Intro to SIMD in avo
Sun 21 December 2025
In the previous post we wrote a Hello World in avo. Let's do something practical this time, e.g., related to performance since we go into all this trouble of writing Go assembly. You can find the code examples in github.com/marselester/misc.
Processing more data in a single CPU instruction makes our programs faster. That's what SIMD (Single Instruction Multiple Data) technique is for. The caveat is that we need to think in terms of vectors, not scalars. For example, let's say we want to find a sum of eight 64-bit integers. Our options look as follows:
- sum of scalars:
1 + 2 + 3 + 4 + 5 + 6 + 7 + 8 - sum of vectors:
[1, 2, 3, 4] + [5, 6, 7, 8]or[1, 2] + [3, 4] + [5, 6] + [7, 8]
The first option is straightforward.
func Sum(input []int64) int64 {
var sum int64
for _, v := range input {
sum += v
}
return sum
}
The second one — not so much 😬.
At least my CPU (Intel i5-10600) supports AVX2,
meaning it can execute 256-bit SIMD instructions.
That's exactly enough to add our vectors [1, 2, 3, 4] and [5, 6, 7, 8] with just a single CPU instruction.
The plan is to add the 4-element vectors, then keep folding the resulting vectors adding their halfes, see the calculations below.
[1, 2, 3, 4] [6, 8] [16, 20]
+ + +
[5, 6, 7, 8] ➡ [10, 12] ➡ [0, 16]
= = =
[6, 8, 10, 12] [16, 20] [16, 36]
🏁
With this in mind, let's implement it in Go assembler!
Adding vectors
We can start small and just focus on adding 8 numbers.
The first step is to create a dummy function SumVec and a corresponding test.
It always returns zero no matter the input it gets.
Note, we used asm.XORQ(sum, sum) to set the register associated with sum variable to zero.
We'll see Q postfix quite often later on, it stands for quadword (8 bytes) on amd64.
//go:build ignore
package main
import asm "github.com/mmcloughlin/avo/build"

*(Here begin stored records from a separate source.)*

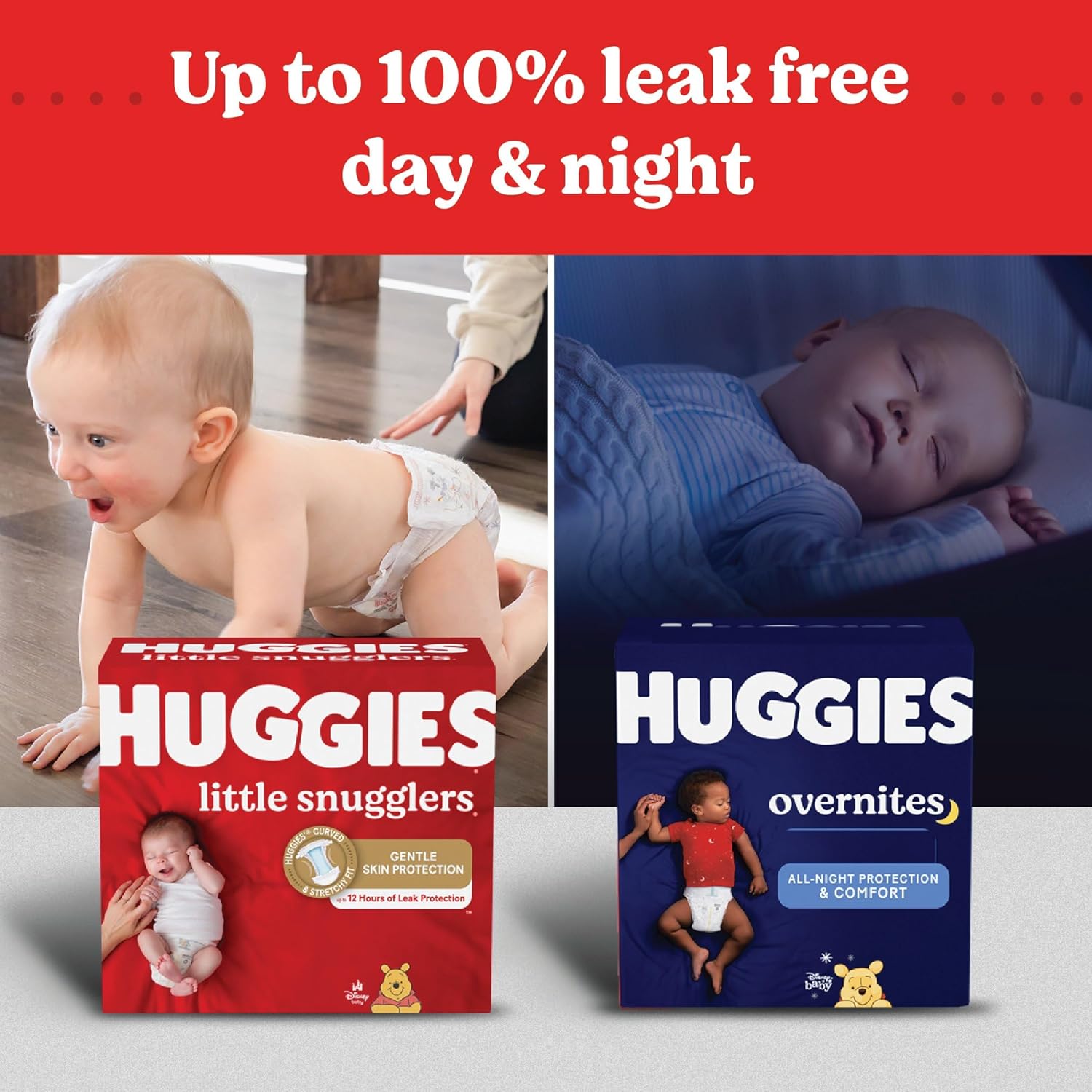 Huggies Size 1 Diapers, Little Snugglers Diapers, Size 1 (8-14 lbs), 198 Ct (6 packs of 33)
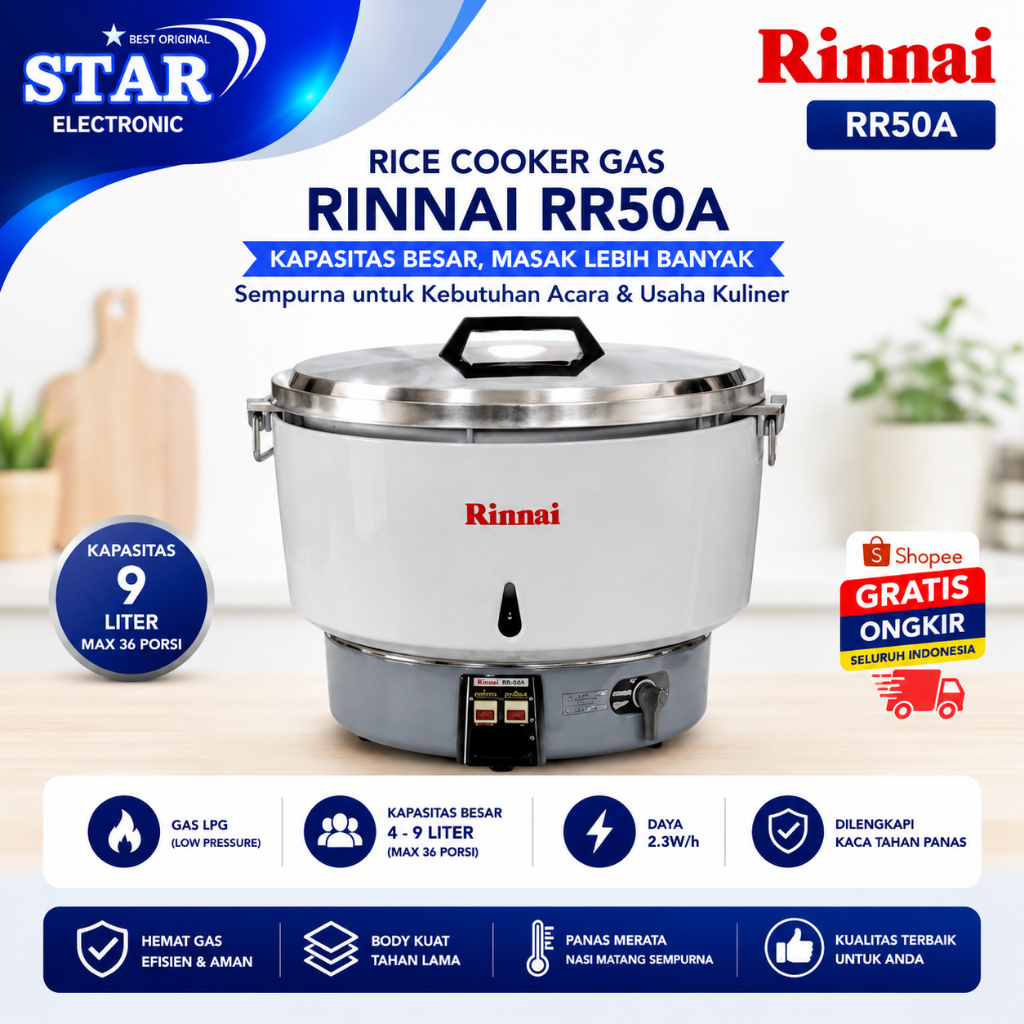 RINNAI MAGIC COM GAS RR50A 9L/RR50A/RR50A/RR50A/RR50A/RR50A/RR50A/RINNAI PENANAK NASI GAS JUMBO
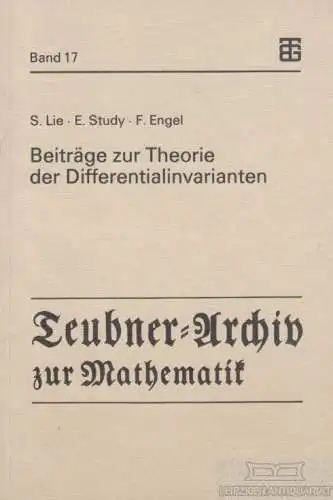 Buch: Beiträge zur Theorie der Differentialinvarianten, Lie. 1993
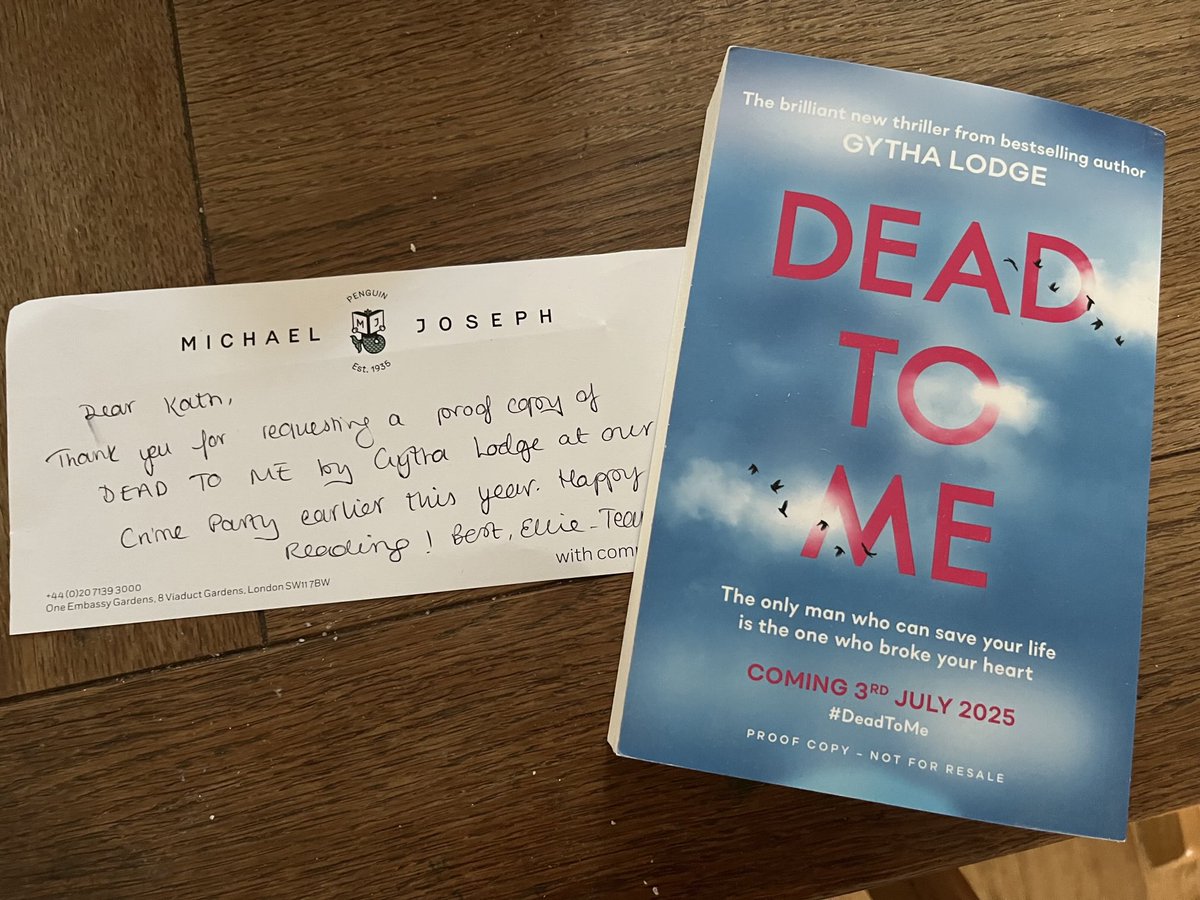 Happy publication day ⁦<a href="/thegyth/">Gytha Lodge Author</a>⁩ ⁦<a href="/MichaelJBooks/">Penguin Michael Joseph</a>⁩ #deadtome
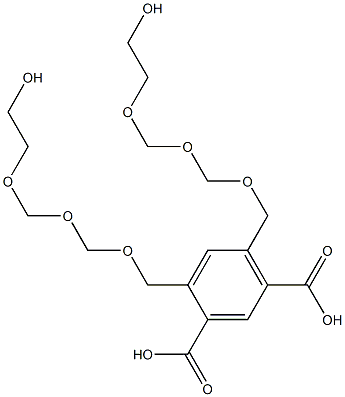 4,6-Bis(8-hydroxy-2,4,6-trioxaoctan-1-yl)isophthalic acid Struktur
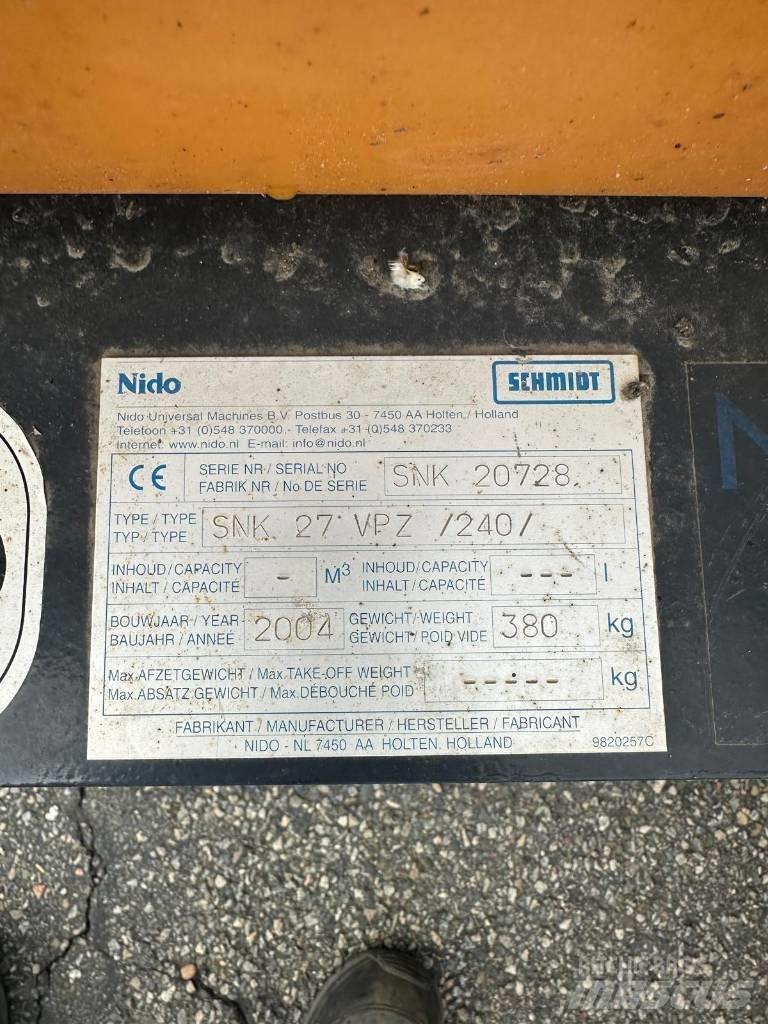 Nido SNK 27 VPZ Snežne deske in plugi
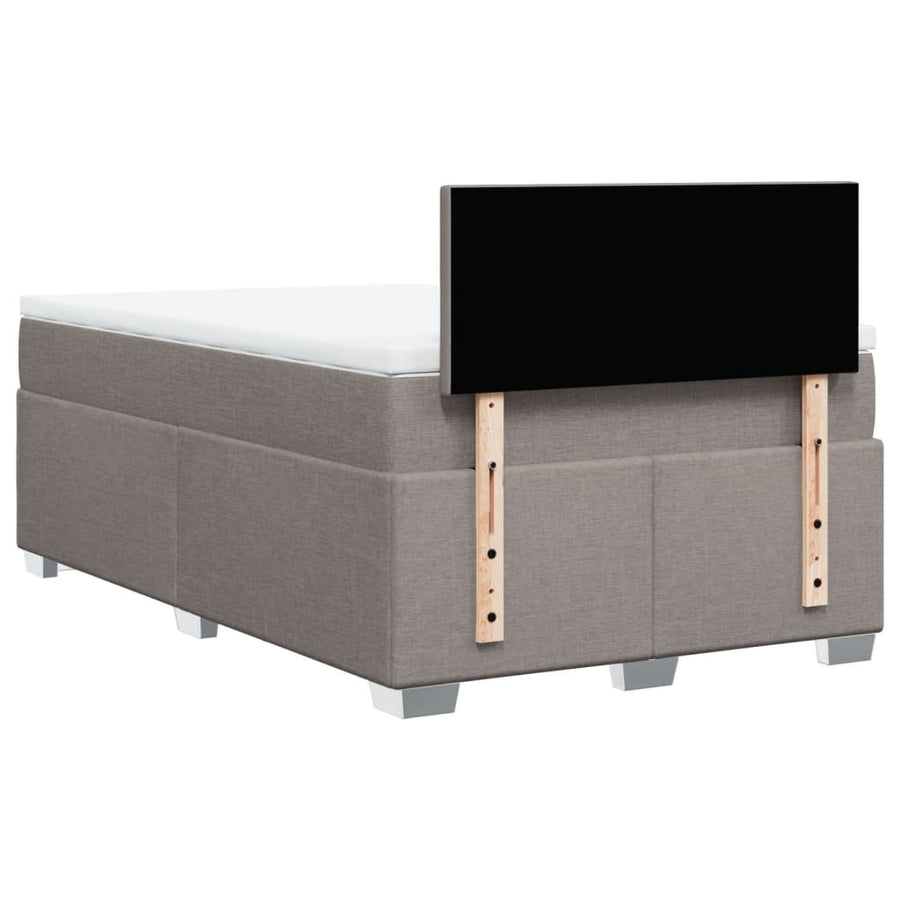 Boxspring met matras stof taupe 120x200 cm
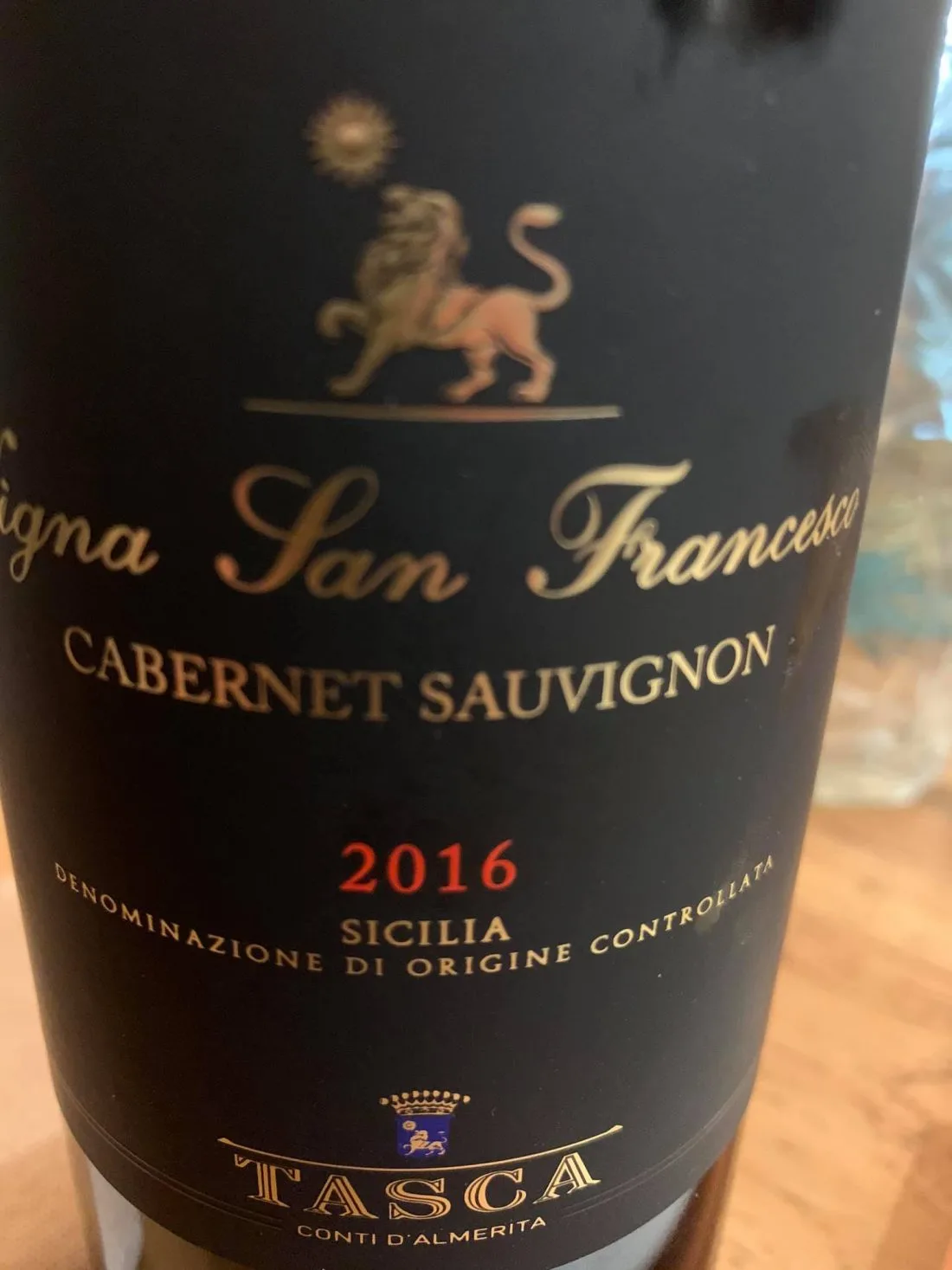 Cabernet Sauvignon 2016 Tasca d'almerita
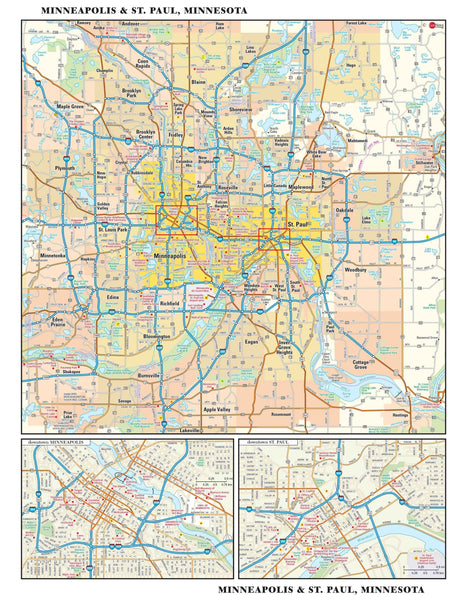Twin Cities Metro Wall Map Maps.com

//go:generate go run asm.go -out sum.s -stubs sum.go
func main() {
asm.TEXT("SumVec", asm.NOSPLIT, "func(input []int64) int64")
sum := asm.GP64()
asm.XORQ(sum, sum)
asm.Store(sum, asm.ReturnIndex(0))
asm.RET()
asm.Generate()
}
🔻 sum_test.go
package sum
import "testing"
func TestSumVec(t *testing.T) {
input := []int64{1, 2, 3, 4, 5, 6, 7, 8}
var want int64 = 36
if got := SumVec(input); got != want {
t.Fatalf("expected %d got %d", want, got)
}
}
Not surprisingly, the test fails as it expects the sum to be 36.
﹩ go generate ./sum/asm.go && go test ./sum
--- FAIL: TestSumVec (0.00s)
sum_test.go:10: expected 36 got 0
The second step is to learn the input []int64 slice length and
where its backing array is located in memory,
so we could load its elements into a vector register.
When the function is called, a three-field slice structure is passed on the stack.
type slice struct {
array unsafe.Pointer
len int
cap int
}
Its fields can be accessed in assembler as follows:
input_base+0(FP)pointer to the underlying array (the base memory address)input_len+8(FP)length of the sliceinput_cap+16(FP)capacity of the slice
avo API is very similar,
here is how we can load the array pointer and the length
into general-purpose registers AX and CX assigned by avo:
inputData := asm.GP64() // Base pointer of the slice is in AX.
inputLen := asm.GP64() // Number of elements in the slice is in CX.
// MOVQ input_base+0(FP), AX
asm.Load(asm.Param("input").Base(), inputData)
// MOVQ input_len+8(FP), CX
asm.Load(asm.Param("input").Len(), inputLen)
The third step is to load the left half of the array into a vector register.
vecLeft := asm.YMM() // 256-bit vector register Y0.
// VMOVDQU (AX), Y0
asm.VMOVDQU(operand.Mem{Base: inputData}, vecLeft)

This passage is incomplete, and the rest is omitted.